Over two years on, and more manufacturers are still coming forward with admissions of testing misconduct with regards to emissions. Nissan is the latest in this line of automakers according to an article by Reuters, saying that they had improperly measured exhaust emissions for 19 vehicle models sold in Japan.
There's a couple of things to understand about this revelation. The first is that these procedures for emissions testing have always been voluntary, and not mandatory such as in other countries. As a result, there's no entirely definitive negative aspect of the results being falsified so to say.
That's not to say that falsifying data is right, but rather than there is much less impact in this case than, say, the diesel testing issues faced in the United States and Europe.

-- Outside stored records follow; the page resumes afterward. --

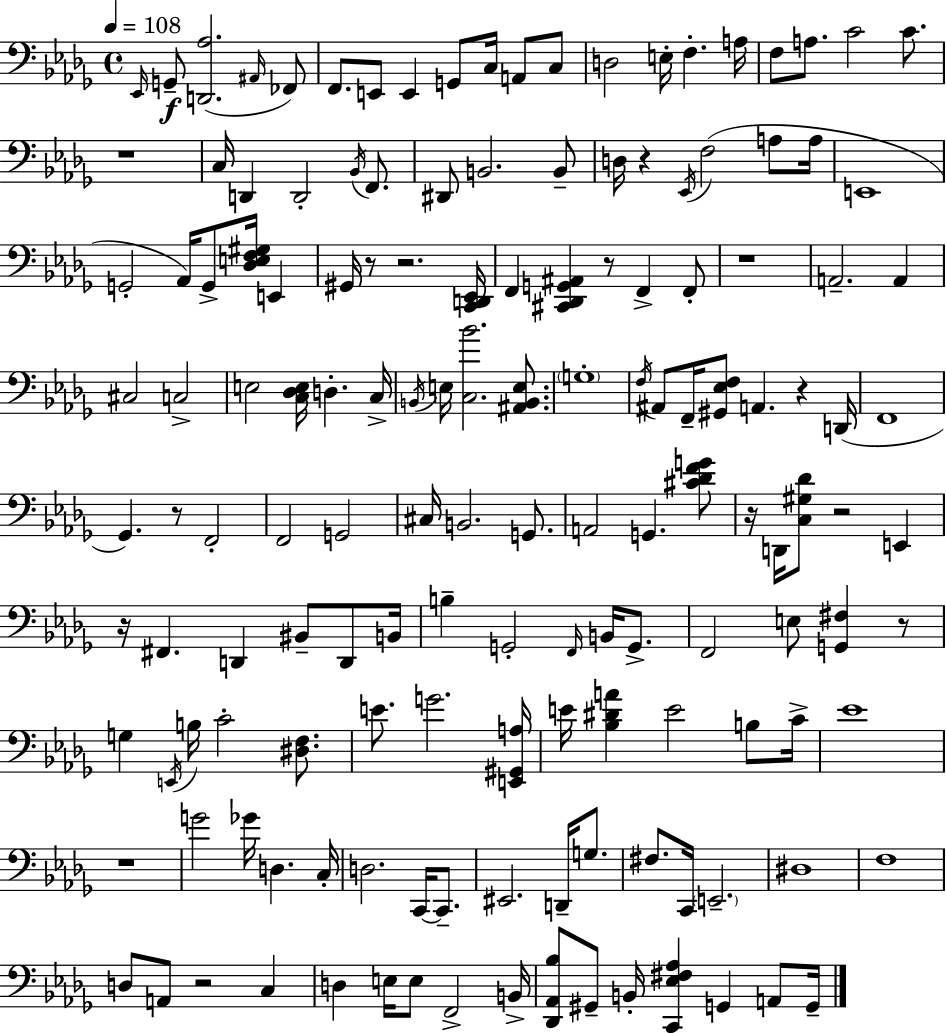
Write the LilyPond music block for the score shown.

{
  \clef bass
  \time 4/4
  \defaultTimeSignature
  \key bes \minor
  \tempo 4 = 108
  \grace { ees,16 }\f g,8-- <d, aes>2.( \grace { ais,16 } | fes,8) f,8. e,8 e,4 g,8 c16 a,8 | c8 d2 e16-. f4.-. | a16 f8 a8. c'2 c'8. | \break r1 | c16 d,4 d,2-. \acciaccatura { bes,16 } | f,8. dis,8 b,2. | b,8-- d16 r4 \acciaccatura { ees,16 } f2( | \break a8 a16 e,1 | g,2-. aes,16) g,8-> <des e f gis>16 | e,4 gis,16 r8 r2. | <c, d, ees,>16 f,4 <cis, des, g, ais,>4 r8 f,4-> | \break f,8-. r1 | a,2.-- | a,4 cis2 c2-> | e2 <c des e>16 d4.-. | \break c16-> \acciaccatura { b,16 } e16 <c bes'>2. | <ais, b, e>8. \parenthesize g1-. | \acciaccatura { f16 } ais,8 f,16-- <gis, ees f>8 a,4. | r4 d,16( f,1 | \break ges,4.) r8 f,2-. | f,2 g,2 | cis16 b,2. | g,8. a,2 g,4. | \break <cis' des' f' g'>8 r16 d,16 <c gis des'>8 r2 | e,4 r16 fis,4. d,4 | bis,8-- d,8 b,16 b4-- g,2-. | \grace { f,16 } b,16 g,8.-> f,2 e8 | \break <g, fis>4 r8 g4 \acciaccatura { e,16 } b16 c'2-. | <dis f>8. e'8. g'2. | <e, gis, a>16 e'16 <bes dis' a'>4 e'2 | b8 c'16-> ees'1 | \break r1 | g'2 | ges'16 d4. c16-. d2. | c,16~~ c,8.-- eis,2. | \break d,16-- g8. fis8. c,16 \parenthesize e,2.-- | dis1 | f1 | d8 a,8 r2 | \break c4 d4 e16 e8 f,2-> | b,16-> <des, aes, bes>8 gis,8-- b,16-. <c, ees fis aes>4 | g,4 a,8 g,16-- \bar "|."
}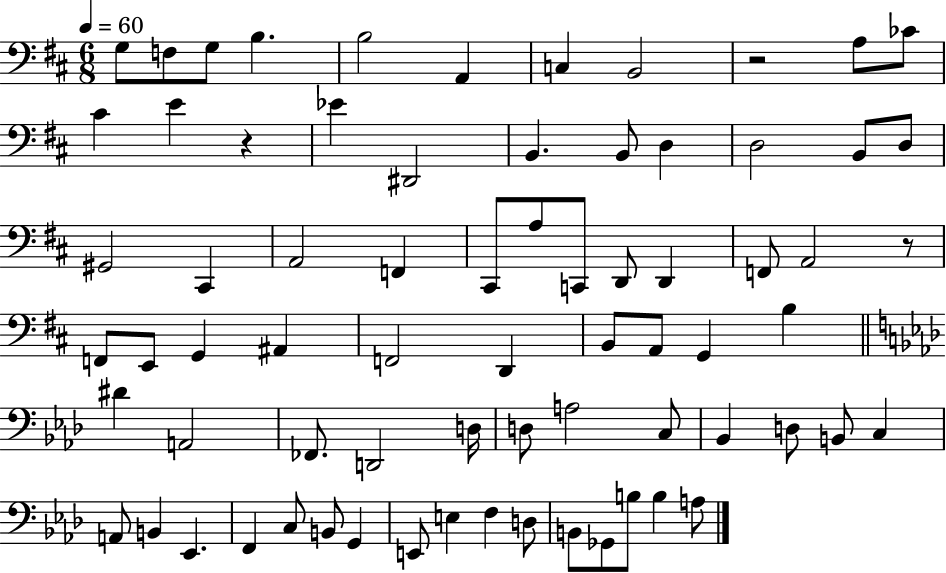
X:1
T:Untitled
M:6/8
L:1/4
K:D
G,/2 F,/2 G,/2 B, B,2 A,, C, B,,2 z2 A,/2 _C/2 ^C E z _E ^D,,2 B,, B,,/2 D, D,2 B,,/2 D,/2 ^G,,2 ^C,, A,,2 F,, ^C,,/2 A,/2 C,,/2 D,,/2 D,, F,,/2 A,,2 z/2 F,,/2 E,,/2 G,, ^A,, F,,2 D,, B,,/2 A,,/2 G,, B, ^D A,,2 _F,,/2 D,,2 D,/4 D,/2 A,2 C,/2 _B,, D,/2 B,,/2 C, A,,/2 B,, _E,, F,, C,/2 B,,/2 G,, E,,/2 E, F, D,/2 B,,/2 _G,,/2 B,/2 B, A,/2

As a result of this, 1.2 million cars were supposedly signed off by unqualified inspectors, and as such are subject to a recall.
This discovery was a result of voluntary compliance checks, during which it was found that 1,200 Nissan vehicles out of 2,200 sample tests across five locations had some form of data falsification. Testing routes and durations did not follow Japanese testing standards, and equipment had not been calibrated properly.
So far, Nissan is blaming the issue on a lack of certified inspectors and manpower to properly conduct the testing. Once again, it is important to note that emissions and efficiency still falls within brochure figures, so this issue is more one of legislation and paperwork than outright cheating. That being said, Nissan's share prices dropped 5% following the news, so the market certainly doesn't view it as such.